Given data -
----------

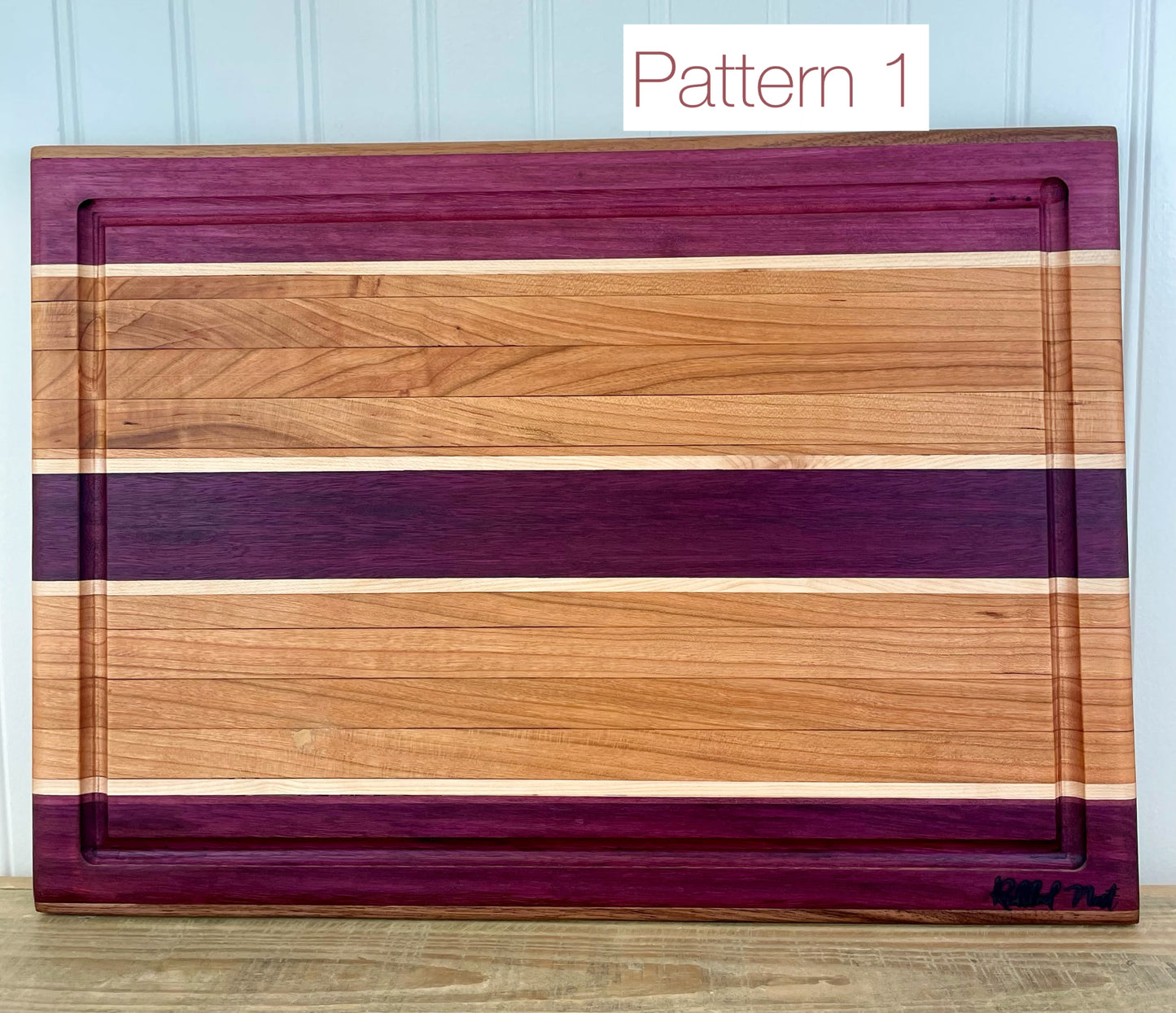 Handcrafted Edge Grain Cutting Board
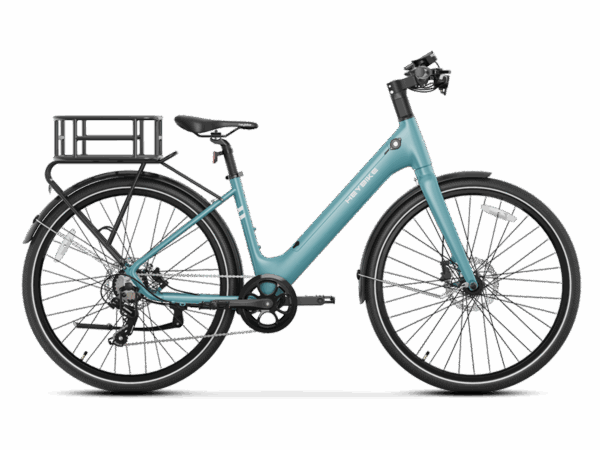 Heybike EC 1-ST mit hinterem Korb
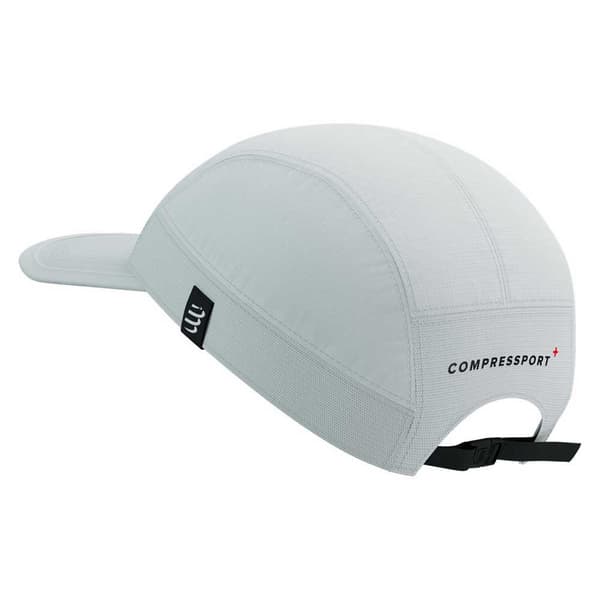 Compressport Kasket 5 Panel Light Grå  Mand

----------

What you have to do - A word-for-word copy of the listing is the goal; keep every picture out of it.

Result below -
 Handcrafted Edge Grain Cutting Board
 Heybike EC 1-ST mit hinterem Korb
 Compressport Kasket 5 Panel Light Grå  Mand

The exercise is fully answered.